About this task: Could the lines from the start of the data through the line with "MLS #25599965 image #30" be set down exactly, with no pictures among them?

Dataset content:

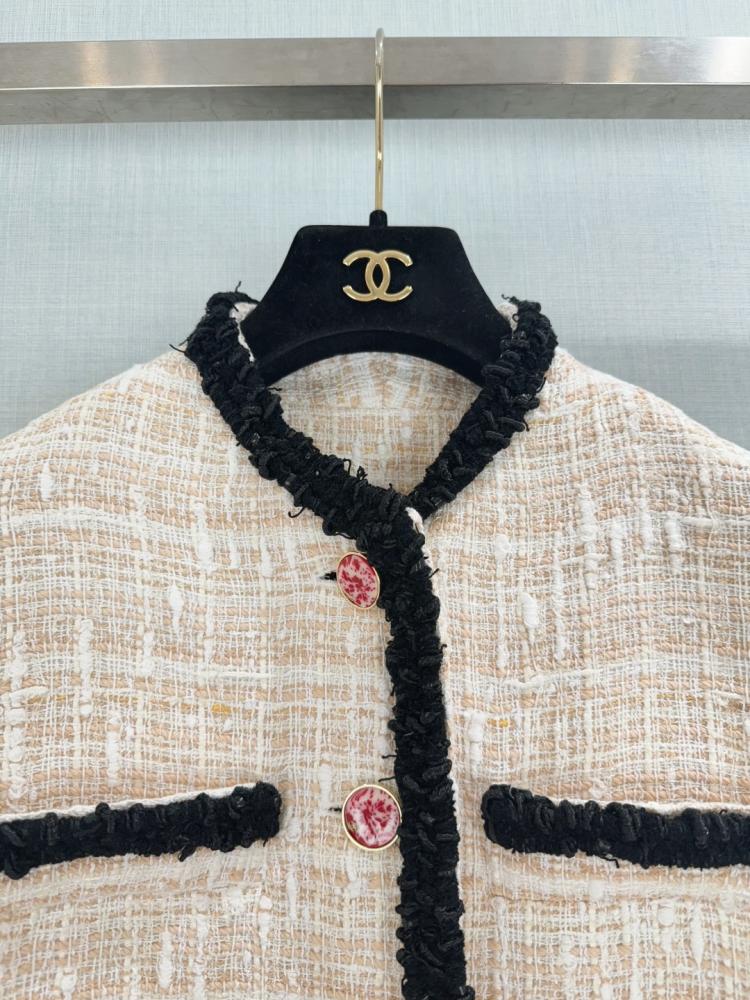 جاكيت Chanel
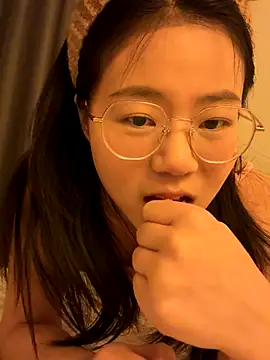 Ella-A9 Show in webcam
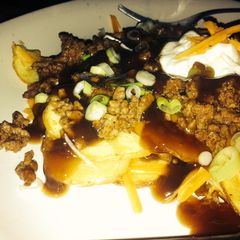 A picture of Hot-Skins Taco Poutine.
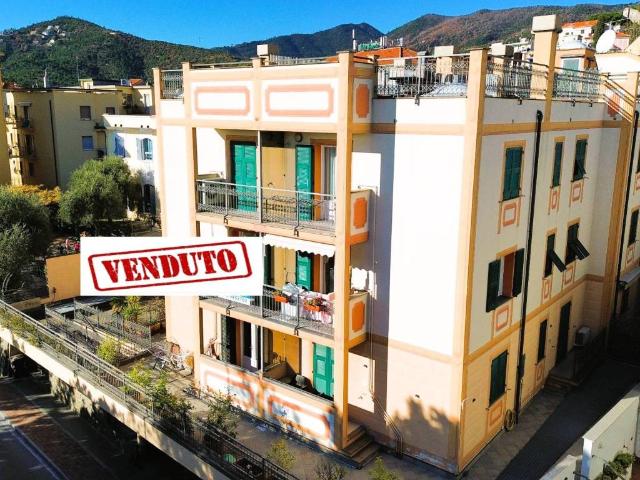 Appartamento in vendita a Spotorno, Liguria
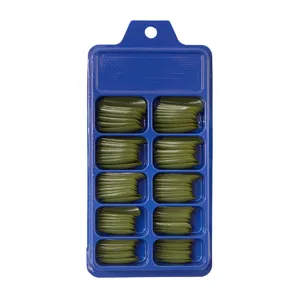 Juego completo de uñas postizas largas de bailarina verde oliva en caja de plástico azul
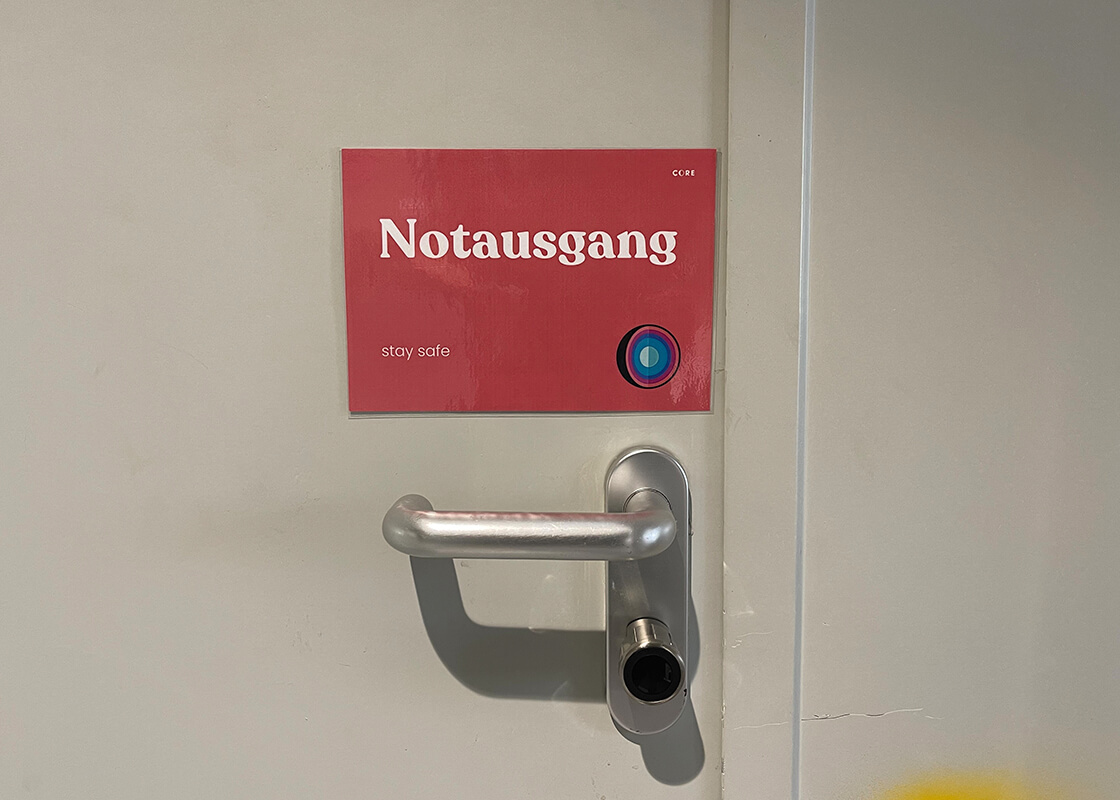 Ein Schild, welches zeigt, dass diese Tür ein Notausgang ist. Trotzdem war diese Tür der einzige Ausgang.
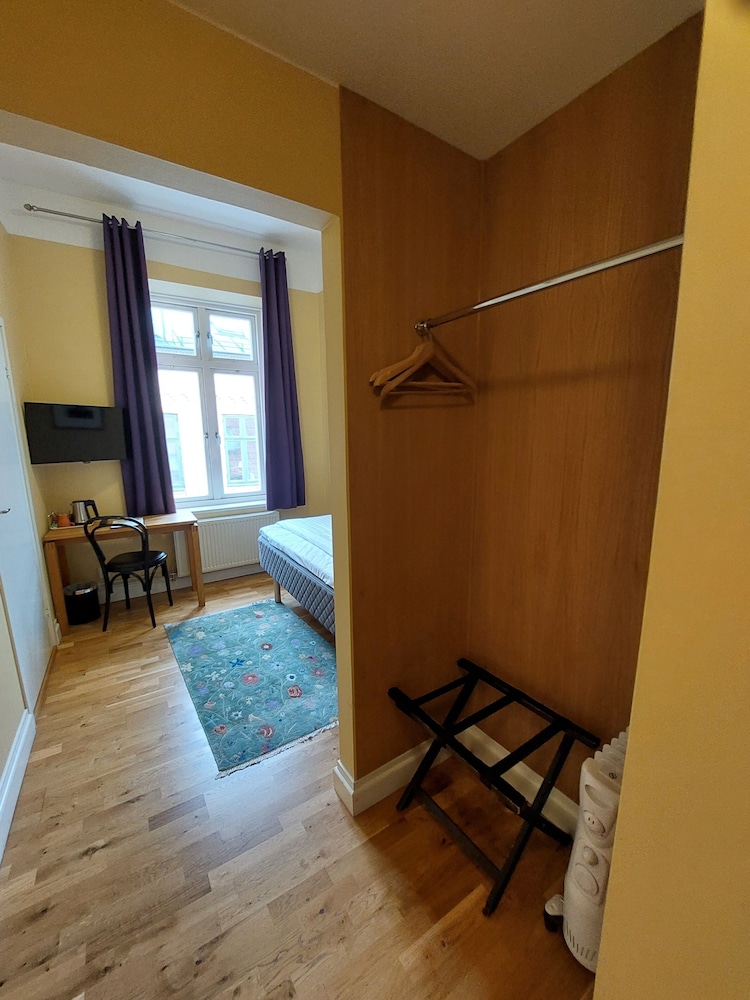 Standard Double or Twin Room - Photo 4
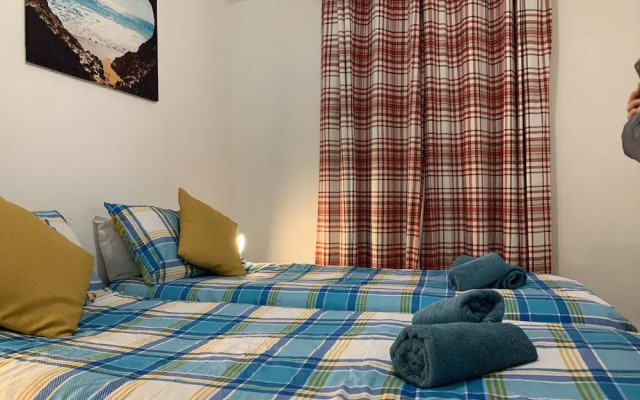 High street Flat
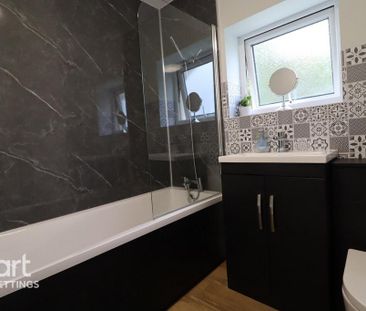 4 bedroom semi-detached house to rent - Photo 5
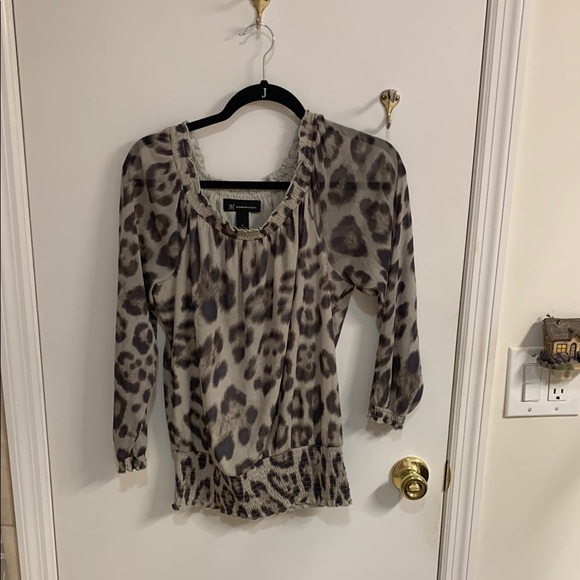 INC International Concepts Black and Tan Ruffled Fitted Blouse - Picture 1 of 9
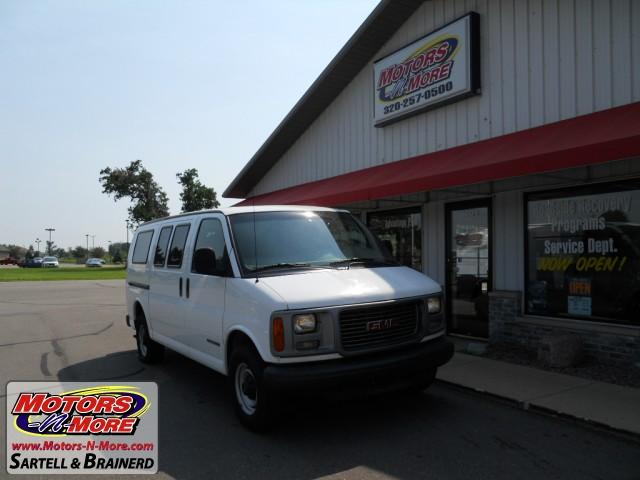 GMC Savana 2001 photo 2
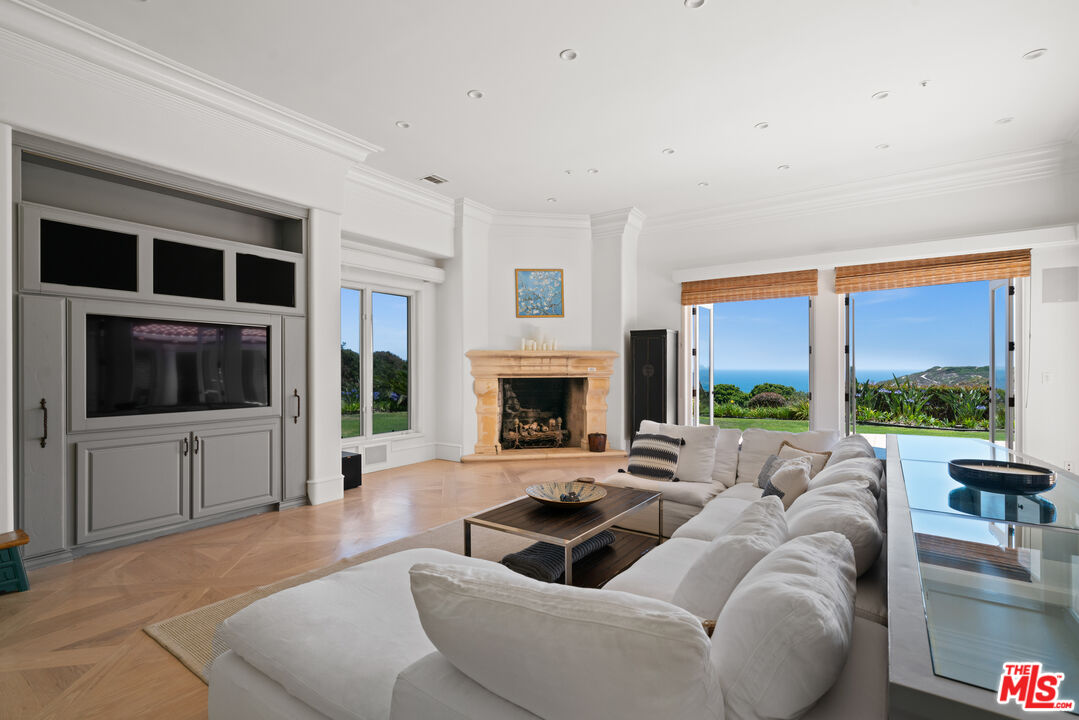 MLS #25599965 image #30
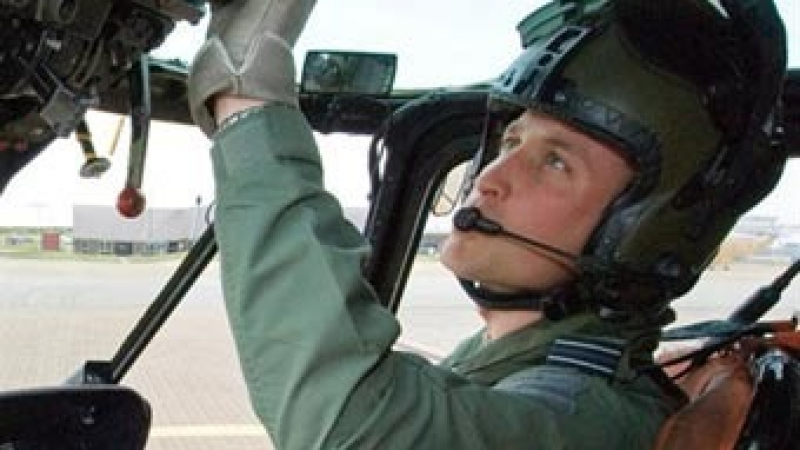 Принц Уилям командирован като пилот на Фолклендските острови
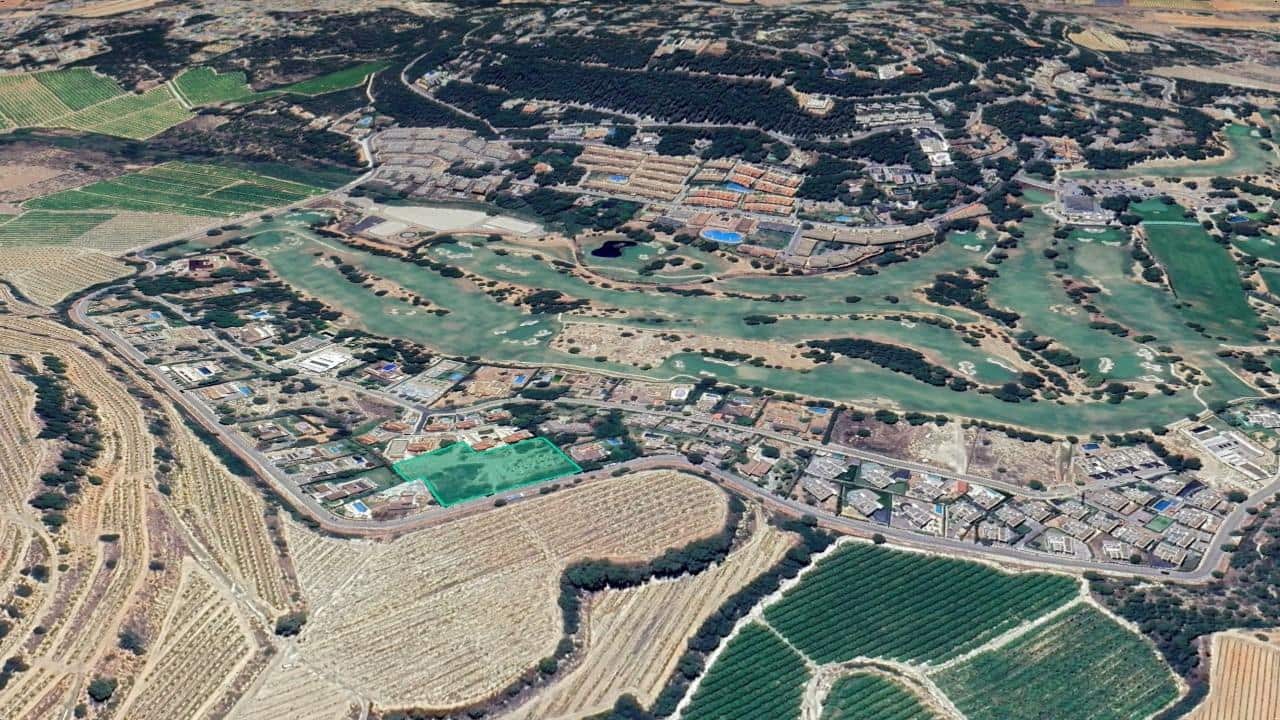 Mark till salu i Chiva - 253 000 € (Ref: 9427668)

Problem solution:
 جاكيت Chanel
 Ella-A9 Show in webcam
 A picture of Hot-Skins Taco Poutine.
 Appartamento in vendita a Spotorno, Liguria
 Juego completo de uñas postizas largas de bailarina verde oliva en caja de plástico azul
 Ein Schild, welches zeigt, dass diese Tür ein Notausgang ist. Trotzdem war diese Tür der einzige Ausgang.
 Standard Double or Twin Room - Photo 4
 High street Flat
 4 bedroom semi-detached house to rent - Photo 5
 INC International Concepts Black and Tan Ruffled Fitted Blouse - Picture 1 of 9
 GMC Savana 2001 photo 2
 MLS #25599965 image #30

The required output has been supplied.